@ Media Week: Bodenheimer: ESPN’s Multi-Platform Strategy Is Paying Off In Sales and Deals

ESPN’s push to sell itself to advertisers as a multi-platform company is paying off, George Bodenheimer, president of ESPN and ABC Sports, told the UBS lunch crowd. Fifty percent of the deals for $2 million or more — some 150 deals — were for TV plus one other platform; after the lunch, he said online was the number-one non-TV platform. Bodenheimer said ESPN Mobile Publishing even took in $1.2 million in upfront. At the same time, ESPN, which has long been aggressive about including multiple platforms in its rights deals, has become even more so. “We’re not just in the TV business any more. We’re no longer walking in as a cable network. We’re going in as a sports multimedia company,” he stressed. One example was the recent MLB deal, which Bodenheimer called “the most wide-ranging set of rights from any sports league.”

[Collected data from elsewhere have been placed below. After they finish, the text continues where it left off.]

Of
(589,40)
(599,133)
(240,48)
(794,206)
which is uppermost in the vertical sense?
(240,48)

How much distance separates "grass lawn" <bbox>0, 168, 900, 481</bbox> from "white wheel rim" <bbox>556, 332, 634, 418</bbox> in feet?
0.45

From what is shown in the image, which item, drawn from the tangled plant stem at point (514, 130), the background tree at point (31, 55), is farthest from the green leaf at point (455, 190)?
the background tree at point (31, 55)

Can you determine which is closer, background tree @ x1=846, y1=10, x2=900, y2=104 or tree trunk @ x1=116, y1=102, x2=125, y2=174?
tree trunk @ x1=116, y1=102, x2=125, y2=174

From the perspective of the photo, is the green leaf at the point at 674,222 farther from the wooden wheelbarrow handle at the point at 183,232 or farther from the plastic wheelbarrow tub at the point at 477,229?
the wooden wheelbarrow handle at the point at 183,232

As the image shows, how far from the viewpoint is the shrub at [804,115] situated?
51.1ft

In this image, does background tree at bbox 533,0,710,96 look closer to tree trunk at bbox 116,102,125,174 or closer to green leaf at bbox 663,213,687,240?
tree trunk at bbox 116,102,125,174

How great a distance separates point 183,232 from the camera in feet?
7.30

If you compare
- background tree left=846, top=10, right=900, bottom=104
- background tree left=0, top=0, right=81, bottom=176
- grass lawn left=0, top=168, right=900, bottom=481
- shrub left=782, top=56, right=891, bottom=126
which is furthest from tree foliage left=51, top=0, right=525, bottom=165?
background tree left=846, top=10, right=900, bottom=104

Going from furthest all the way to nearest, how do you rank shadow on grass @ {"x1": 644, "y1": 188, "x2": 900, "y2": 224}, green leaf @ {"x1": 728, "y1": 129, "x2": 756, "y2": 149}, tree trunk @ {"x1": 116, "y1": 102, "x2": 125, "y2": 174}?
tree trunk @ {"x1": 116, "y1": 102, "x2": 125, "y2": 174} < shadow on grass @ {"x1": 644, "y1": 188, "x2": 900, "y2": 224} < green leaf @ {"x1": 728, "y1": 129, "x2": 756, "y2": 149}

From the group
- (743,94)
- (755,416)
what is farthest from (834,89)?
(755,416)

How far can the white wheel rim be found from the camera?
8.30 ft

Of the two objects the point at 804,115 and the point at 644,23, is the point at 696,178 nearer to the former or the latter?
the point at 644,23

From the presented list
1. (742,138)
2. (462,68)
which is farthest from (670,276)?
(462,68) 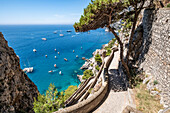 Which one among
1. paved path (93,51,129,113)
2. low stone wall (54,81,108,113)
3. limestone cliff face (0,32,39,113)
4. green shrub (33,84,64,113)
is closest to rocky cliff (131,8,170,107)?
paved path (93,51,129,113)

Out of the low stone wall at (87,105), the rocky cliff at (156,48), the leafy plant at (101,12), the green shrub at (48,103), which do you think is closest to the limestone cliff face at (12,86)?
the green shrub at (48,103)

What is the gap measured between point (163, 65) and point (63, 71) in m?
41.2

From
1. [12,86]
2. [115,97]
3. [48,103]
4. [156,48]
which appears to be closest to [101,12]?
[156,48]

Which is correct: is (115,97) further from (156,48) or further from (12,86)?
(12,86)

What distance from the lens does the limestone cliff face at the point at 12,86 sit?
8.63 m

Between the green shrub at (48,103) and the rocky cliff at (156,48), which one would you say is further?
the green shrub at (48,103)

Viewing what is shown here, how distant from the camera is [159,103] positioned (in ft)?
23.5

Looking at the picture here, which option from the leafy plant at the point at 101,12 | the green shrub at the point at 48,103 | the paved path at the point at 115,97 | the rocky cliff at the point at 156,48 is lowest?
the paved path at the point at 115,97

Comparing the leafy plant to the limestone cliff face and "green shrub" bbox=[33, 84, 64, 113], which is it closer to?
"green shrub" bbox=[33, 84, 64, 113]

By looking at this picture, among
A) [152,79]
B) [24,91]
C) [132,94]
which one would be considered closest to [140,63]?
[152,79]

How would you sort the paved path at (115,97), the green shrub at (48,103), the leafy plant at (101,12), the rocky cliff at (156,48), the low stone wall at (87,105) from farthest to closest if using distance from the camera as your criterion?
1. the leafy plant at (101,12)
2. the paved path at (115,97)
3. the green shrub at (48,103)
4. the rocky cliff at (156,48)
5. the low stone wall at (87,105)

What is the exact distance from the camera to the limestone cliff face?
8.63m

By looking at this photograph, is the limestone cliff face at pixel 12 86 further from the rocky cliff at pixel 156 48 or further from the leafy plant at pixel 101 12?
the rocky cliff at pixel 156 48

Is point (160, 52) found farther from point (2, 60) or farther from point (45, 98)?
point (2, 60)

The overarching message: “Any pipe, any device.” To that end, when ESPN looks at deals now, it’s looking for ways beyond live game video and radio coverage to feed all the platforms: real-time data, library footage, studio shows, games, fantasy games, etc.
— Broadband network ESPN 360 is available through 11 ISPs now. Referring to the recent deal with Verizon that includes a separate fee for broadband, he said, “I do believe we’re the only major media company able to distribute its broadband product and obtain fees.”

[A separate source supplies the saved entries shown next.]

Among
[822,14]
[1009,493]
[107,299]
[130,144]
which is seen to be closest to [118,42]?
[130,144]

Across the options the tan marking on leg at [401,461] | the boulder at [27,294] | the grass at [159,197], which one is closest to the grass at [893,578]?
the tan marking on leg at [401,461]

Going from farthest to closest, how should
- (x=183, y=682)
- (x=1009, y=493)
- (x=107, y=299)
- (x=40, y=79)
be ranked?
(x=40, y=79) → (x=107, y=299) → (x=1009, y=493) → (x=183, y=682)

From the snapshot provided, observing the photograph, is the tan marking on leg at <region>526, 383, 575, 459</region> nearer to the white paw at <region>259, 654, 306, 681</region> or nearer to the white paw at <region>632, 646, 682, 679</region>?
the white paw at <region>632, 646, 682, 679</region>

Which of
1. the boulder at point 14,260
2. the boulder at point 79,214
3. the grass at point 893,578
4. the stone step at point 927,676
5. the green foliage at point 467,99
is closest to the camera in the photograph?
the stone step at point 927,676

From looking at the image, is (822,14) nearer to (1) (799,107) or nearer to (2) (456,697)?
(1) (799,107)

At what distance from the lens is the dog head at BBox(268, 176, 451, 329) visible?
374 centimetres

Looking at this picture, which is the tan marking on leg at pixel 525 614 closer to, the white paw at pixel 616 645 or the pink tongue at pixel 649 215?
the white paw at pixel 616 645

— Bodenheimer brandished his own Mobile ESPN “palm-size sports communication device” as it was dubbed in the promo video he showed: “I can tell you that the phone actually works so we’re off to a good start.” He’s been using it for about three weeks. For ESPN, the slick, $399-after-rebate handset, which will be joined at some point by less pricey options, and the Mobile ESPN service fulfill the Disney division’s mission to have a “fully branded ESPN service at every touch point.” Fully integrated marketing with ESPN.com began today working toward the official Super Bowl launch.

— Re FCC Chairman Kevin Martin’s suggestion that a la carte is an option, Bodenheimer said he doesn’t “see too much momentum behind the move to an al carte distribution.”

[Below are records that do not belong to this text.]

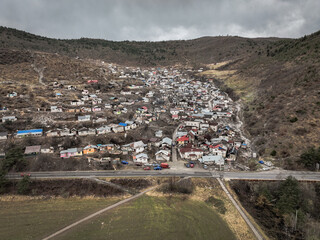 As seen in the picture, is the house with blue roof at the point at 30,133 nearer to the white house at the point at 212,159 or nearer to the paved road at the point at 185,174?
the paved road at the point at 185,174

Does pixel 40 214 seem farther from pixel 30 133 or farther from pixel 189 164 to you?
pixel 189 164

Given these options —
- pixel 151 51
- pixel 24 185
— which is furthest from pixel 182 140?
pixel 151 51

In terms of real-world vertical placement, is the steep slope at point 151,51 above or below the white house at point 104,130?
above

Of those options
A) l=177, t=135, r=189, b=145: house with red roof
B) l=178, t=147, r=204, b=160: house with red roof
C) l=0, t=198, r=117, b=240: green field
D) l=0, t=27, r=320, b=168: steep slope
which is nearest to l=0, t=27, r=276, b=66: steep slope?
l=0, t=27, r=320, b=168: steep slope

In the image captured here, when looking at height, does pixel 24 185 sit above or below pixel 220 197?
above

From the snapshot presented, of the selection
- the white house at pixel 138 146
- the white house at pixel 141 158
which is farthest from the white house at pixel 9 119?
the white house at pixel 141 158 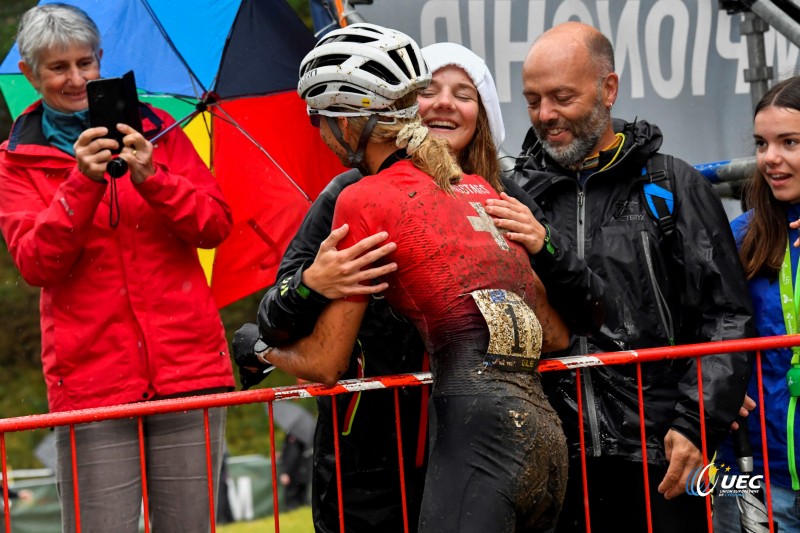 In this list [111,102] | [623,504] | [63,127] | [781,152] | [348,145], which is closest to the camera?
[348,145]

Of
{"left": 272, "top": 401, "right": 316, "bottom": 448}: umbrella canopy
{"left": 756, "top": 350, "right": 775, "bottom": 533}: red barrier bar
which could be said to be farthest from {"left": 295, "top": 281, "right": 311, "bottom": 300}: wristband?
{"left": 272, "top": 401, "right": 316, "bottom": 448}: umbrella canopy

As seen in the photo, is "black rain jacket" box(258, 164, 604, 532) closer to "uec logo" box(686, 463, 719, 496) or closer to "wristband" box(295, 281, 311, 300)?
"wristband" box(295, 281, 311, 300)

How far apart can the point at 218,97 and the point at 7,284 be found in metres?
15.0

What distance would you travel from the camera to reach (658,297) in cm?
456

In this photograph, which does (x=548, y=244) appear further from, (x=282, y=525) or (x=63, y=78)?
(x=282, y=525)

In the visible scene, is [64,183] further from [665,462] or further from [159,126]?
[665,462]

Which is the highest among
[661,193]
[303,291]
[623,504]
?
[661,193]

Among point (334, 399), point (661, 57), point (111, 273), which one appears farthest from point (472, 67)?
point (661, 57)

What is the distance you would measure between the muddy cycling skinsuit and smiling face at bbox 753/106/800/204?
61.5 inches

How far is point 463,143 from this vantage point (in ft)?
15.0

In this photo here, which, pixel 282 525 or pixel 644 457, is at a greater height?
pixel 644 457

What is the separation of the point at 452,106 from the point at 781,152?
129 centimetres

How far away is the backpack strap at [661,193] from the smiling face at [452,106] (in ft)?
2.28

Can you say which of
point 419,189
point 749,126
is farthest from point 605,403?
point 749,126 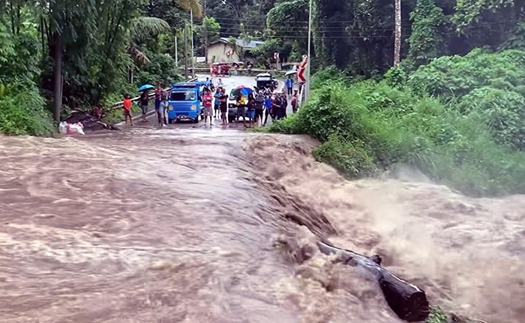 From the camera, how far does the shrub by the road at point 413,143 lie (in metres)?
17.5

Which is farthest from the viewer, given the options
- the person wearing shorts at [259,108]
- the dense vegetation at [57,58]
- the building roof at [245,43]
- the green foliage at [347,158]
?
the building roof at [245,43]

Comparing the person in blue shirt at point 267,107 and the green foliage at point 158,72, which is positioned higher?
the green foliage at point 158,72

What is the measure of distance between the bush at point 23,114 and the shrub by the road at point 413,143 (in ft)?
22.1

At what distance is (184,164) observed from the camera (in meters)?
13.6

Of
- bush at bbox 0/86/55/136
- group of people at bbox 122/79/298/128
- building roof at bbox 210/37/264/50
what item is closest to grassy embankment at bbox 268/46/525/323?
group of people at bbox 122/79/298/128

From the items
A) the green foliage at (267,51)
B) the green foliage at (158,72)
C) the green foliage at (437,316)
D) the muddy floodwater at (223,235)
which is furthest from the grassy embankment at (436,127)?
the green foliage at (267,51)

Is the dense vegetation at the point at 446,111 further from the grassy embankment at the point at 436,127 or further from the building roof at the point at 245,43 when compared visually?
the building roof at the point at 245,43

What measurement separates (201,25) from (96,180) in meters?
71.6

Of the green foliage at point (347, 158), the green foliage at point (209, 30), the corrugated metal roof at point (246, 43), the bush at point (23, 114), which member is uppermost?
the green foliage at point (209, 30)

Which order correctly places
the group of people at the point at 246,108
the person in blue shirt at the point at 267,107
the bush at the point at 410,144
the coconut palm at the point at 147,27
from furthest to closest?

— Bodenheimer said ESPN is looking at mobile video downloads via the iPod or other services but nothing is in the works. When I asked him if he thought Disney had set some kind of precedent by pricing “Lost” and “Desperate Housewives” at $1.99 a download, he said they haven’t even gotten that far. For now, they’re looking at what kind of content might work as mobile VOD. One gauge is what’s already successful on VOD — bloopers and boxing, for instance — but he said they’re aware that not everything that works on TV VOD will translate to mobile. Some people jumped on his initial comments during lunch as a sign that a deal is imminent; sounds like that’s far from the case.